Mam nadzieję że to pomogło! Witamy w Programmers SE!
źródło
Czytając twój post, zauważyłem dwa pytania w twoim pytaniu. Najważniejszy z nich to jak analizować. Istnieje wiele rodzajów analizatorów (np Recursive zejście parser , LR parser , packrat parserami ) i generatory parsera (np GNU bizon , ANTLR ) można użyć, aby przechodzić program tekstowy „rekurencyjnie” podane gramatyki (explicite lub implicite).

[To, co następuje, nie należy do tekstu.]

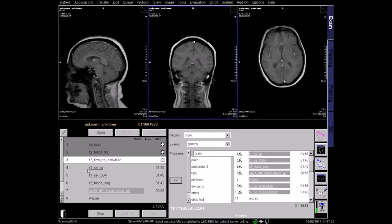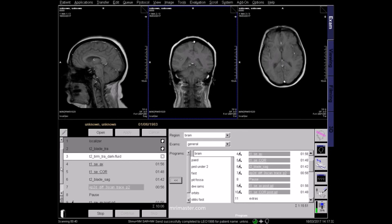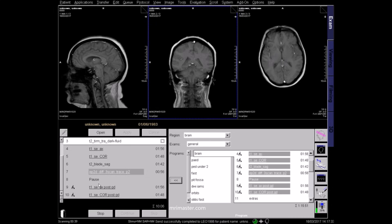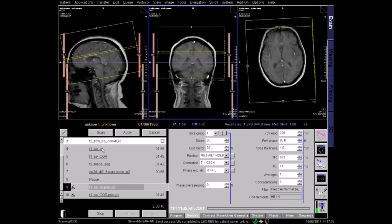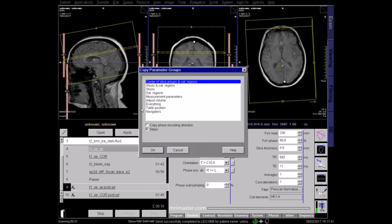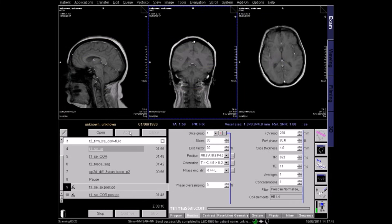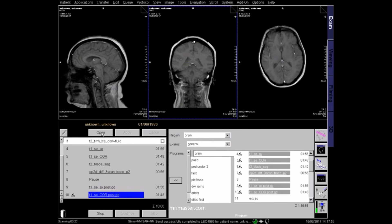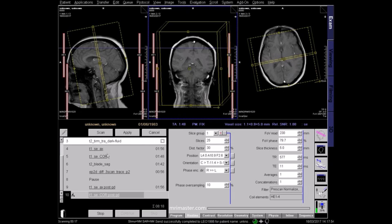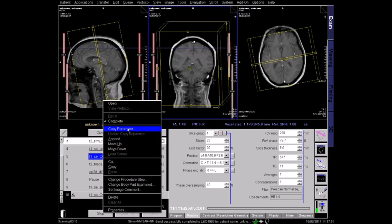If the radiologist has requested a gadolinium injection, it's essential to check the patient's kidney function in line with national and hospital guidelines. Only proceed if it's safe to do so. When planning the post-contrast sequences, axial planning can be copied from the pre-contrast T1 sequence, and the coronal post-contrast sequence can be copied from the pre-contrast T1 coronal.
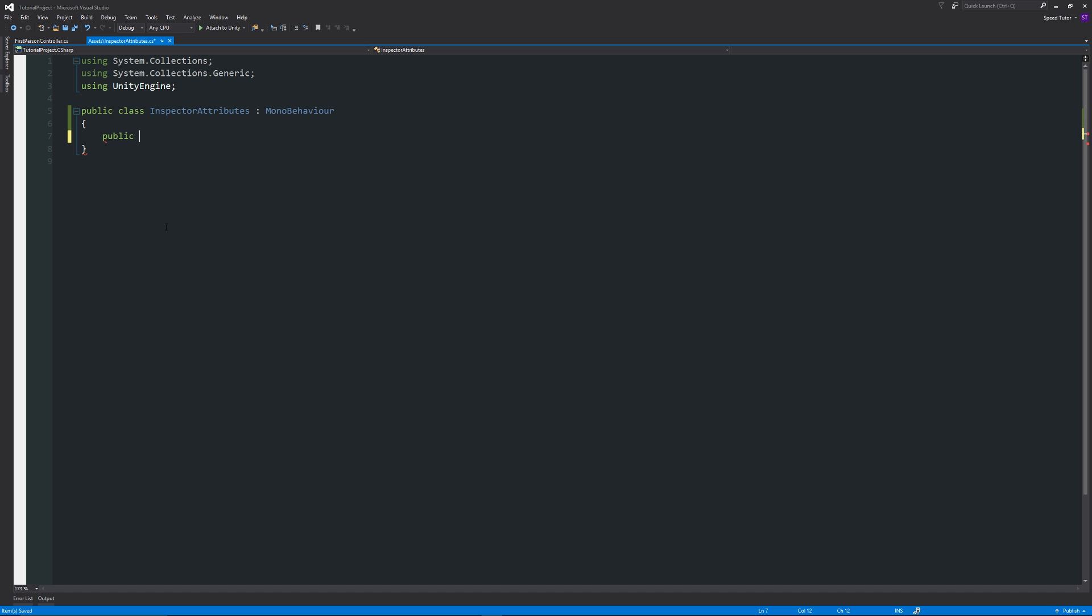Say for instance we've got a public float health equal to 10, and we'll be able to see that in the inspector and that'll be fine.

Drugie pytanie dotyczy formatu pamięci dla funkcji. Gdy nie wykonujesz tłumaczenia ukierunkowanego na składnię , tworzysz pośrednią reprezentację swojego programu, która może być abstrakcyjnym drzewem składni lub jakimś niestandardowym językiem pośrednim, w celu dalszego przetwarzania z nim (kompilacja, transformacja, wykonywanie, pisanie dalej plik itp.).
źródło
Z ogólnego punktu widzenia definicja funkcji jest niewiele więcej niż etykietą lub zakładką w kodzie. Większość innych operatorów pętli, zakresu i warunków jest podobnych; są one dostępne dla podstawowych poleceń „skok” lub „goto” na niższych poziomach abstrakcji. Wywołanie funkcji sprowadza się zasadniczo do następujących poleceń komputerowych niskiego poziomu:
Instrukcja „return” lub podobna będzie wtedy wykonywać następujące czynności:
Dlatego funkcje są po prostu abstrakcjami w specyfikacji języka wyższego poziomu, które pozwalają ludziom organizować kod w bardziej konserwowalny i intuicyjny sposób. Po skompilowaniu w asemblerze lub w języku pośrednim (JIL, MSIL, ILX), a na pewno w renderowaniu jako kod maszynowy, prawie wszystkie takie abstrakcje znikają.